Municipality of Mayagüez v. Corporación Para El Desarrollo Del Oeste, Inc.

Decision Date07 August 2013
Docket NumberNo. 11–2241.,11–2241.
Citation726 F.3d 8
PartiesMUNICIPALITY OF MAYAGÜEZ, Plaintiff, Appellant, v. CORPORACIÓN PARA EL DESARROLLO DEL OESTE, INC., Defendant, Appellee.
CourtU.S. Court of Appeals — First Circuit

OPINION TEXT STARTS HERE

Nicolás Nogueras–Cartagena, with whom Jely Cedeño Richiez and Nogueras Law & Associates were on brief, for appellant.

Bámily López Ortiz, for appellee.

Before LYNCH, Chief Judge, SELYA and LIPEZ, Circuit Judges.

LIPEZ, Circuit Judge.

This lengthy and heated dispute involves a contract executed nearly thirty years ago by the Municipality of Mayagüez and a local development corporation, Corporación Para el Desarrollo del Oeste (CPDO). After many years of deteriorating relations between the two parties, Mayagüez filed the instant suit, alleging that CPDO's failure to comply with several regulations issued by the Department of Housing and Urban Development (“HUD”) amounted to a breach of their contract under the laws of Puerto Rico.
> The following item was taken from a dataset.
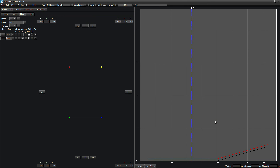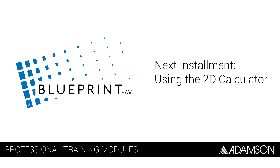The next installment in the Blueprint tutorial series will show you how to set up the same room using the on-site 2D calculator tool.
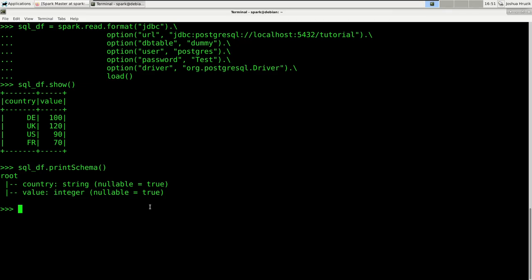That should cover the most common use cases. We have read in data from CSV files, JSON files, and Spark's native binary Parquet files. We also read data straight from a SQL database. With that knowledge, you can come a pretty long way. However, there are drivers for a whole bunch of different data storage solutions — for example, there is a driver which allows you to read data that resides inside a MongoDB. I would highly encourage you to take a look at those.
After review, we conclude that Mayagüez's commonwealth law claim does not “arise under” federal law within the meaning of 28 U.S.C. § 1331. Therefore, we decline to reach the merits of plaintiff's appeal, vacate the judgment below, and remand to the district court with instructions that the plaintiff's claim be dismissed without prejudice for want of subject matter jurisdiction.

I.
A. Facts

To determine whether subject matter jurisdiction exists, we take the following well-pleaded facts from the complaint. See Pejepscot Indus. Park, Inc. v. Me. Cent. R.R. Co., 215 F.3d 195, 197 (1st Cir.2000); see also Franchise Tax Bd. v. Constr. Laborers Vacation Trust, 463 U.S. 1, 10–11, 103 S.Ct. 2841, 77 L.Ed.2d 420 (1983) (discussing the well-pleaded complaint rule and noting that “a defendant may not remove a case to federal court unless the plaintiff's complaint establishes that the case ‘arises under’ federal law”); Bernhard v. Whitney Nat'l. Bank, 523 F.3d 546, 551 (5th Cir.2008) (noting that it is a “long-established axiom” that “a federal court has original or removal jurisdiction only if a federal question appears on the face of the plaintiff's well-pleaded complaint”).
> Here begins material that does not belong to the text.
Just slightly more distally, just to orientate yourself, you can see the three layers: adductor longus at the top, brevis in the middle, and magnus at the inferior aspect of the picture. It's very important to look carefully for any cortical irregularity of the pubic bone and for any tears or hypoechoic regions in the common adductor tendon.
In the early 1980s, Mayagüez purchased several parcels of land with money it had received as part of a Community Development Block Grant (“CDBG”) administered by HUD.1 Mayagüez and CPDO then executed an instrument known as “Deed 91,” under which Mayaguez ceded the parcels to CPDO with the understanding that the land would be used for a project called “Villa Sultanita,” to be developed in accordance with HUD's CDBG program guidelines and regulations.

Deed 91 states in relevant part 2:

SEVENTH: The Transferee Corporation ... meets the requirements of section Five Hundred Seventy point two, zero, four (24 C.F.R. 570.204) of the Act known as the Housing and Community Development Act of nineteen seventy-four,

....

NINTH: It is an indispensable condition for the transfer herein that the Transferee use the transferred property solely and exclusively for the construction and sale of housing, commercial areas, and any other infrastructure needed. Said project shall be known as “VILLA SULTANITA,” shall have a public purpose, and shall comply at all times with applicable state and federal laws, rules, and regulations. Said activity shall be carried out by the non-profit transferee. The parties also agree that THE TRANSFEROR ... may unilaterally, and at its sole discretion require the following from the transferee:

....

B) The return of the transferred property if the transferor determines that it will not be used, or has not been used, for the specific purposes for which the transfer has been made;

....

TENTH: The Transferee will diligently and scrupulously make sure that the “Villa Sultanita Project” is carried out as per applicable state and federal laws, ....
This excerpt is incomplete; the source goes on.